Minimize the blast radius

Blast radius is the worst thing an agent can do in a single bad turn. Your goal is to make that worst case boring. The toolset is your primary lever, but a few habits compound it:

Default to read-only; escalate per task. Most agents should never hold write or destructive tools. Grant them to the one agent whose job is to make the change, and nowhere else.
Separate observe from act. Keep investigation in read-only agents and mutation in a separate, narrowly-scoped agent. The handoff (a diff, a plan, a summary) becomes a natural review checkpoint.
Gate the irreversible. Force-push, DROP, rm -rf, deploy, and anything that spends money or touches customers ideally shouldn't be reachable from a routine agent's toolset at all. Where the agent still needs a shell, gate the dangerous commands with a PreToolUse hook — a prompt that asks the agent to confirm first is persuasion the model can talk itself out of; a hook that blocks the command is enforcement it can't.
Scope Bash deliberately. Bash is the widest tool there is — granting it hands the agent the full shell, not a curated subset. If an agent has it, lean on dedicated tools (Read, Grep, Glob, Edit) for everything those already cover so Bash isn't the path of least resistance, and use a PreToolUse hook to allow- or deny-list the commands it may actually run. The tools allowlist alone won't do that for you.
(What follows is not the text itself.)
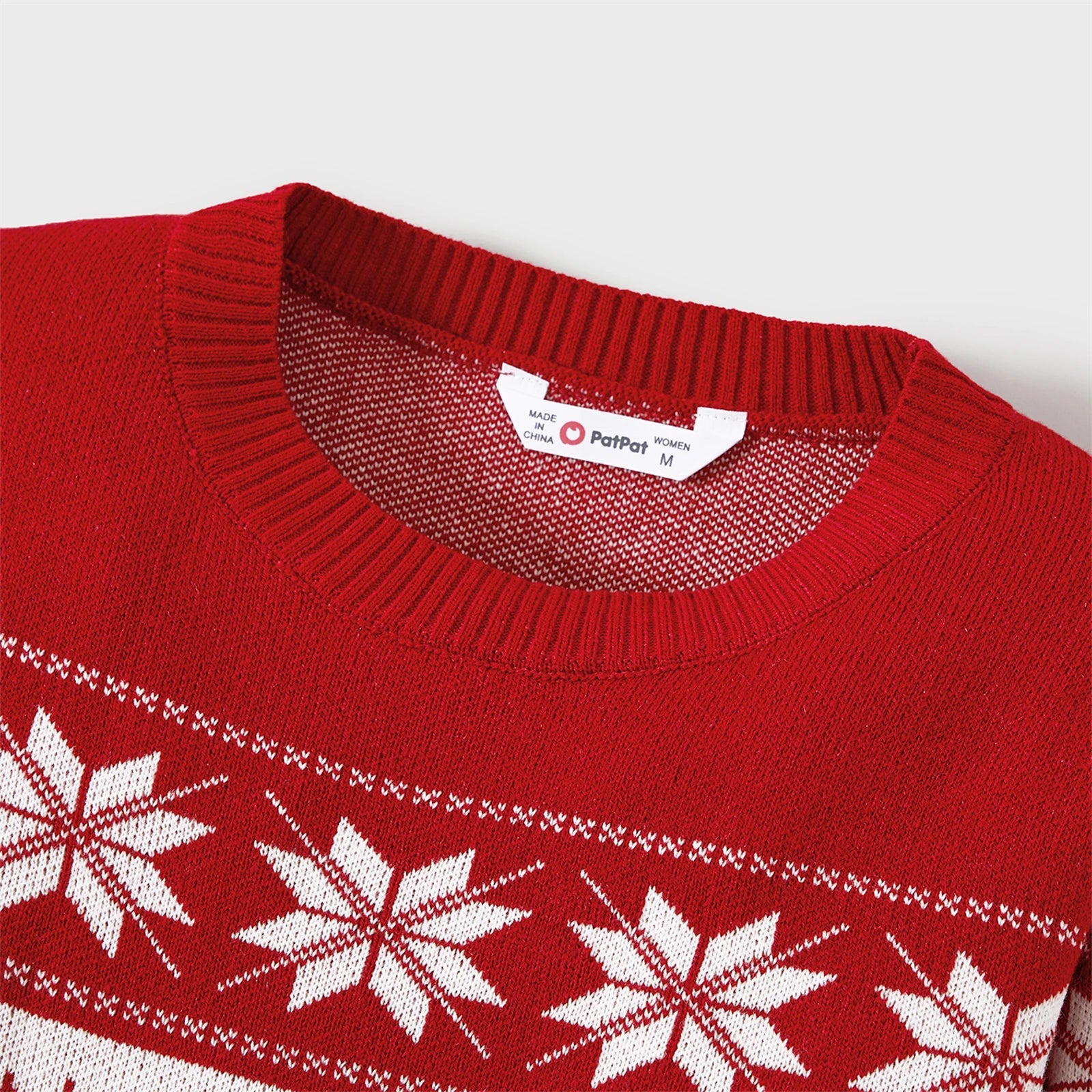 Family Matching Christmas Sweater with Deer and Snowflake Design | Long-sleeve Knitted Sweater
# Read-only investigator: observes everything, changes nothing.
tools: Read, Grep, Glob, Bash
 
# Surgical fixer: can change code, but holds no deploy or network tools.
tools: Read, Grep, Glob, Edit, Bash

The pattern underneath all of this: capability is the real boundary, and a tool the agent doesn't have is the only constraint that can't be argued around.

Putting it together

Design the toolset before you polish the prompt — it does more to determine behavior than any wording will. Start from zero, add only what a named task requires, keep the agent read-only unless its job is to change things, and split overlapping responsibilities into separate agents with separate, sharp toolsets. Name and describe each tool so its purpose and boundary are unmistakable, scope MCP servers and their credentials to least privilege, and keep anything irreversible out of routine reach. A few sharp tools, granted on purpose, beat a full toolbox every time.